Apparently having 5% of the world’s population, but 25% of its prisoners simply isn’t good enough for neo-feudal America. No, we need to find more creative and archaic ways to wastefully, immorally and seemingly unconstitutionally incarcerate poor people. Welcome to the latest trend in the penal colony formerly known as America. Debtors’ prisons.

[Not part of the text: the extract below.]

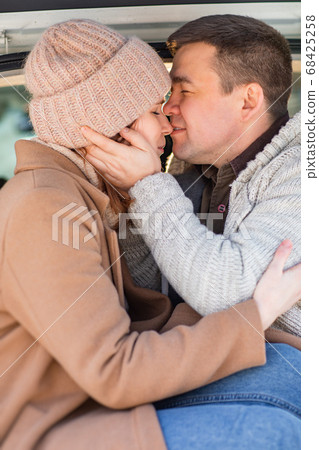 Man and woman sitting in trunk of the white car Man and woman sitting in trunk of the white car 68425258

A practice I thought had long since been deemed outdated (indeed it has been largely eradicated in the Western world with the exception of about 1/3 of U.S. states as well as Greece).
From Fox News:
As if out of a Charles Dickens novel, people struggling to pay overdue fines and fees associated with court costs for even the simplest traffic infractions are being thrown in jail across the United States.
Critics are calling the practice the new “debtors’ prison” — referring to the jails that flourished in the U.S. and Western Europe over 150 years ago. Before the time of bankruptcy laws and social safety nets, poor folks and ruined business owners were locked up until their debts were paid off.
Reforms eventually outlawed the practice. But groups like the Brennan Center for Justice and the American Civil Liberties Union say it’s been reborn in local courts which may not be aware it’s against the law to send indigent people to jail over unpaid fines and fees — or they just haven’t been called on it until now.
The Brennan Center for Justice at New York University’s School of Law released a “Tool Kit for Action” in 2012 that broke down the cost to municipalities to jail debtors in comparison with the amount of old debt it was collecting. It doesn’t look like a bargain. For example, according to the report, Mecklenburg County, N.C., collected $33,476 in debts in 2009, but spent $40,000 jailing 246 debtors — a loss of $6,524.
Don’t worry, I’m sure private prisons for debtors will soon spring up to make this practice a pillar of GDP growth.
Many jurisdictions have taken to hiring private collection/probation companies to go after debtors, giving them the authority to revoke probation and incarcerate if they can’t pay. Research into the practice has found that private companies impose their own additional surcharges. Some 15 private companies have emerged to run these services in the South, including the popular Judicial Correction Services (JCS).